Hallucination Detection & Grounding Checks in agent architecture refer to mechanisms that identify when an AI system generates false, misleading, or unsubstantiated information (hallucinations) and verify that its outputs are based on reliable sources or context (grounding). These checks ensure the agent’s responses remain accurate, trustworthy, and anchored in factual data, enhancing overall system reliability and user trust in AI-generated content.
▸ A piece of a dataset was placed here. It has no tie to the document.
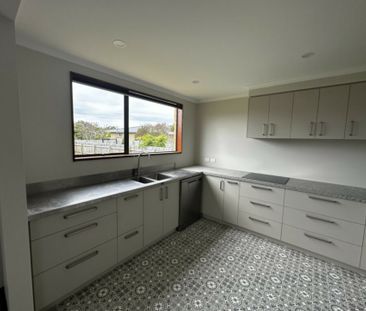 Super spacious and supper sunny! - Photo 3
Hallucination Detection & Grounding Checks in agent architecture refer to mechanisms that identify when an AI system generates false, misleading, or unsubstantiated information (hallucinations) and verify that its outputs are based on reliable sources or context (grounding). These checks ensure the agent’s responses remain accurate, trustworthy, and anchored in factual data, enhancing overall system reliability and user trust in AI-generated content.
What is hallucination in AI language models?
A hallucination is when the model outputs information that sounds plausible but is false or not supported by the input or reliable sources.
What are grounding checks and why do they matter?
Grounding checks verify that the model's claims are backed by evidence, data, or citations, helping ensure accuracy and trustworthiness.
How can you detect hallucinatory responses in a quiz setting?
Look for unsupported facts, claims not tied to provided context, missing citations, or statements that can’t be verified with reliable sources.
What practices help reduce hallucinations during generation?
Use retrieval-augmented generation, require explicit citations, implement fact-checking or human review, and design prompts that request evidence and clear boundaries on claims.